In May 2020, India banned the WeTransfer app, citing security reasons. In June, the company became a certified B Corporation.

In February 2021, WeTransfer achieved carbon-neutral certification having pledged the previous year to reduce emissions by 30% by 2025. In March, the 2020 short film "The Long Goodbye" by Aneil Karia and Riz Ahmed commissioned by WeTransfer through WePresent won the 2022 Academy Award for Best Live Action Short Film. In April, the WeTransfer Foundation, "Supporting Act", focused on helping emerging creative talent was launched and the company pledged to donate 1% of revenues from 2022 onwards. In October, WeTransfer announced sales in 2020 of €65m.

In April 2021, Reuters reported that the WeTransfer logos and likeness were used in high-profile phishing scams.

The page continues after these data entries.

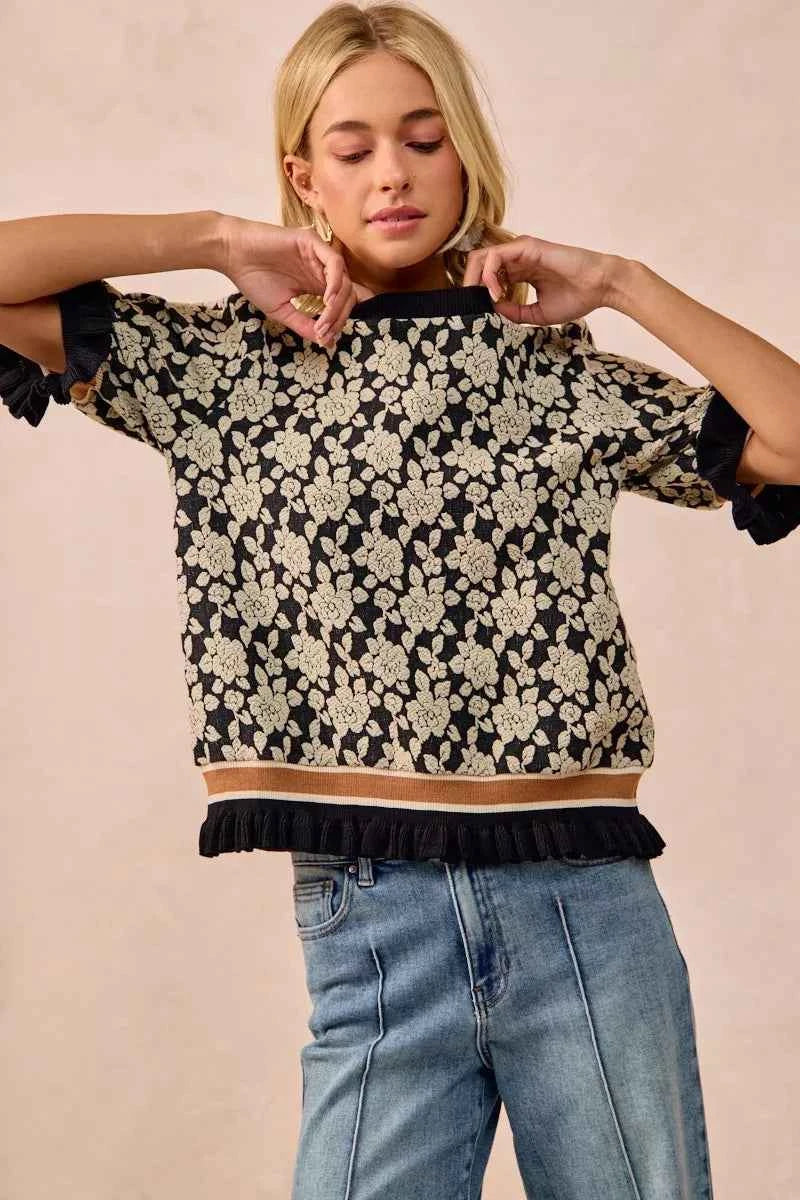 BiBi Textured Rose Knit Top Contrast Banded Puff Sleeve 8477169e-05e4-45ce-a11e-683966fd4240-Max-Origin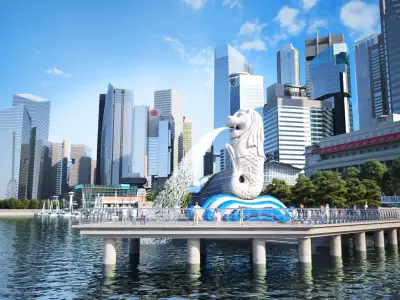 Merlion Park  MerlionPark Singapore 3D model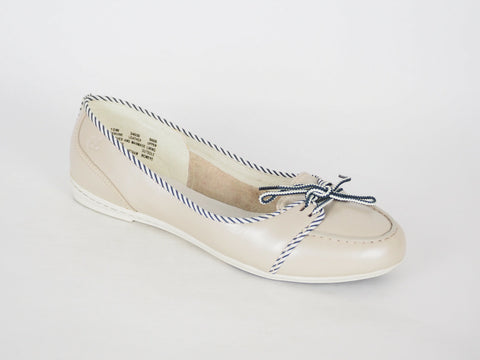 Womens Timberland Earthkeepers Belle Island 24650 Cream Pearlised Leather Shoes
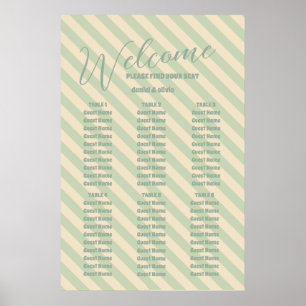 Retro Groovy Colorful Wavy Boho Wed Seating Charts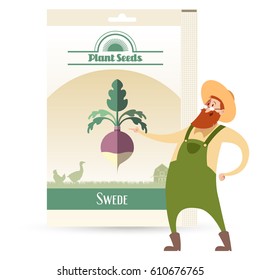 Vector image of the Pack of Swede seeds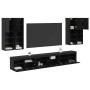 Conjunto de mueble para TV de pared 7 pcs Roble Negro en Muebles TV | Comprar online en Foru.es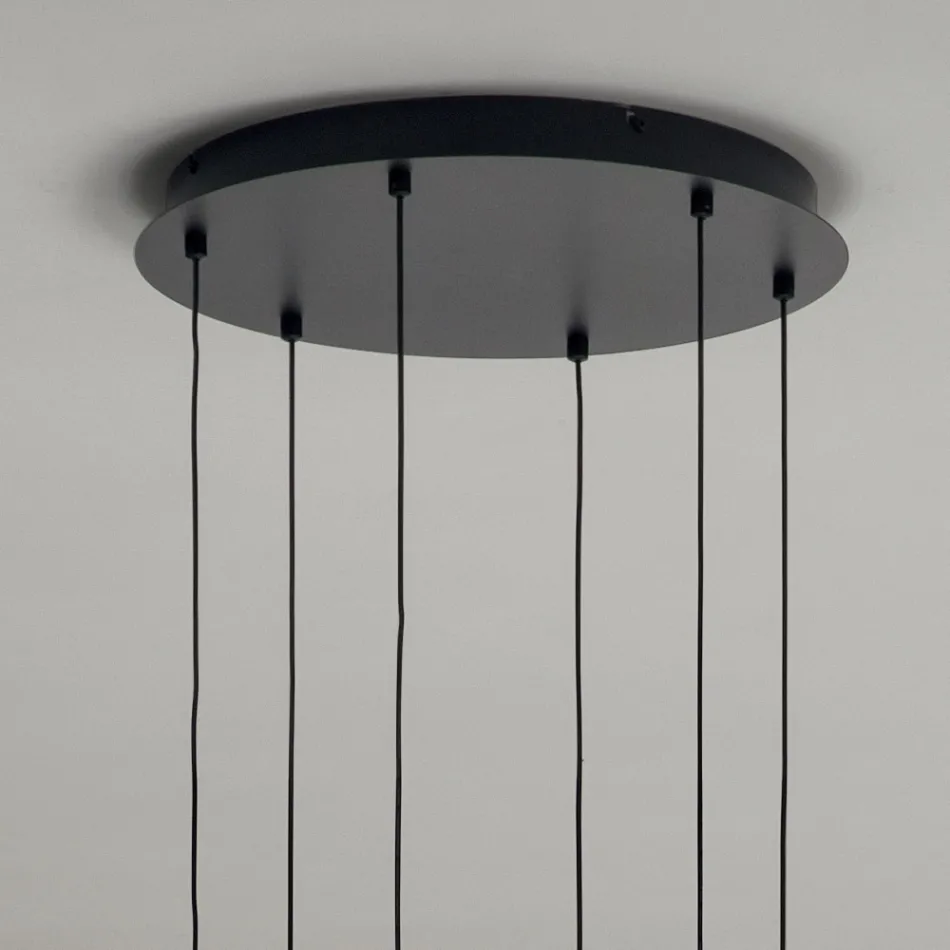 Lámpara de cristal soplado coloreada y con decoración de globos - Hada Viadurini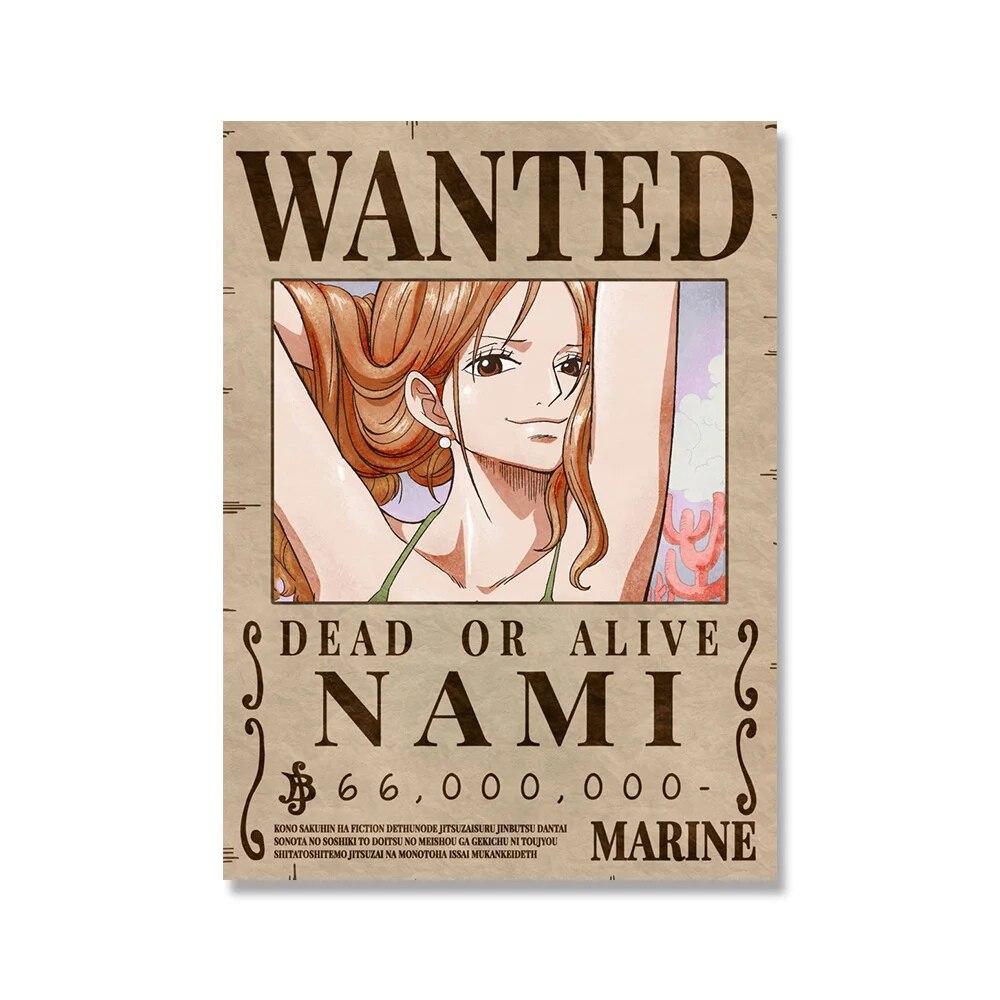 One Piece Canvas Paintings Luffy Japanese Anime Poster Bounty Picture and Print Home Decor for Living Room Kids Gifts Decoration No Frame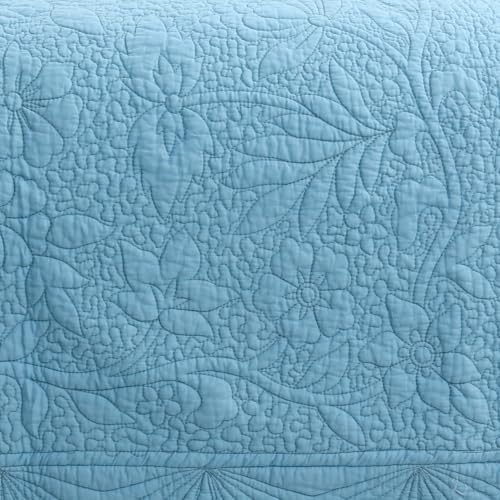 3-Pieces Embroidered Cotton Quilt Set with Decorative Border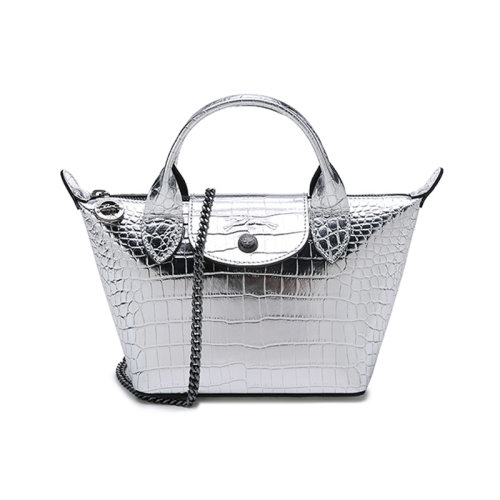 Longchamp/瓏驤【22春夏新款】女士LE PLIAGE CUIR CROCO系列鱷魚紋牛皮小號(hào)手提單肩斜挎包鏈條包餃子包 1500 HYM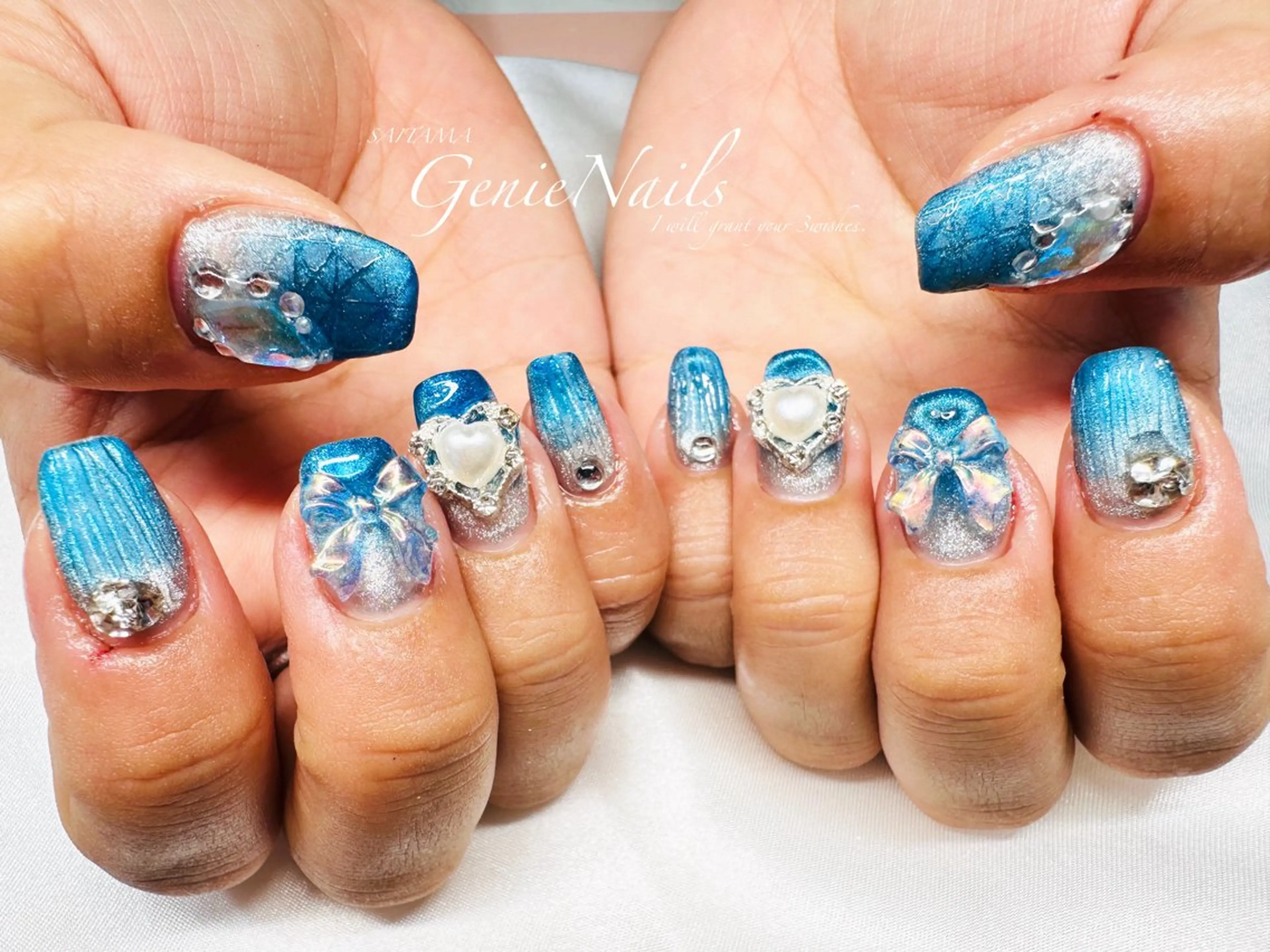 メンズ ネイル アートネイル 長さ出し 氷ネイル・うるうるネイル ロングネイル 持ち込み Genie Nailsのネイルデザイン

In January 2022, WeTransfer planned for an IPO but ended up cancelling the offering shortly before listing.

In 2022, Alexandar Vassilev took over from Gordon Willoughby as the company's Chief Executive Officer.

Leadership 
Bas Beerens founded the file-sharing platform WeTransfer with Nalden (Ronald Hans) and Rinke Visser in 2009. Beerens also runs the design consultancy OY Communications (initially OY Transfer) from which WeTransfer was developed. In 2012, he founded WeMarket, a global B2B marketplace for buyers and suppliers in any industry.

Damian Bradfield, co-founder, joined the company in 2010. Bradfield is currently WeTransfer's Chief Creative Officer.

Chief Executive Gordon Willoughby joined WeTransfer in January 2017. He announced his departure from the company in May 2022 and was replaced by former Chief Technology Officer Alexandar Vassilev.

Chief Financial Officer Melissa Nussbaum joined WeTransfer from King in September 2020.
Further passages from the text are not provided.